On Wed, Jun 22, 2011 at 11:39 PM, Rik van Riel<riel@xxxxxxxxxx> wrote:On 06/22/2011 07:19 AM, Izik Eidus wrote:
So what we say here is: it is better to have little junk in the unstable
tree that get flushed eventualy anyway, instead of make the guest
slower....
this race is something that does not reflect accurate of ksm anyway due
to the full memcmp that we will eventualy perform...
With 2MB pages, I am not convinced they will get "flushed eventually",
because there is a good chance at least one of the 4kB pages inside
a 2MB page is in active use at all times.
I worry that the proposed changes may end up effectively preventing
KSM from scanning inside 2MB pages, when even one 4kB page inside
is in active use.
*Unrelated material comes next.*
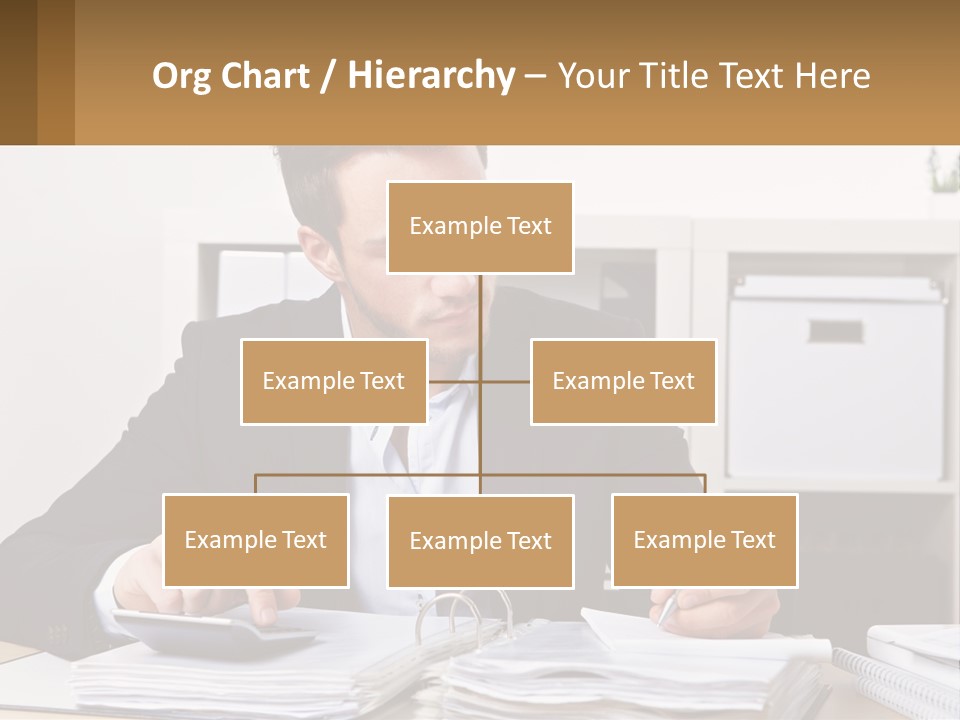 A Man Sitting At A Desk Writing On A Piece Of Paper PowerPoint Template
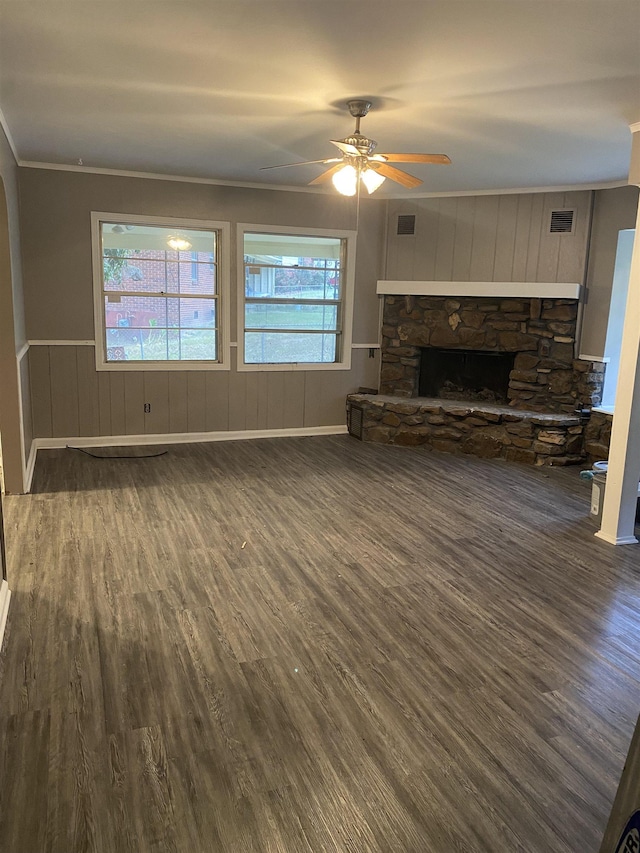 4219 Coventry Ave, Memphis, TN 38127 - unfurnished living room with dark wood-style floors, crown molding, a ceiling fan, and a fireplace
This could mean increased swapping on systems
that run low on memory, which can be a much larger performance penalty
than ksmd CPU use.
We need to scan inside 2MB pages when memory runs low, regardless
of the accessed or dirty bits.
I agree on this point. Dirty bit , young bit, is by no means accurate. Even
on 4kB pages, there is always a chance that the pte are dirty but the contents
are actually the same. Yeah, the whole optimization contains trade-offs and
trades-offs always have the possibilities to annoy someone. Just like
page-bit-relying LRU approximations none of them is perfect too. But I think
it can benefit some people. So maybe we could just provide a generic balanced
solution but provide fine tuning interfaces to make sure tha when it really gets
in the way of someone, he has a way to walk around.
Do you agree on my argument? :-)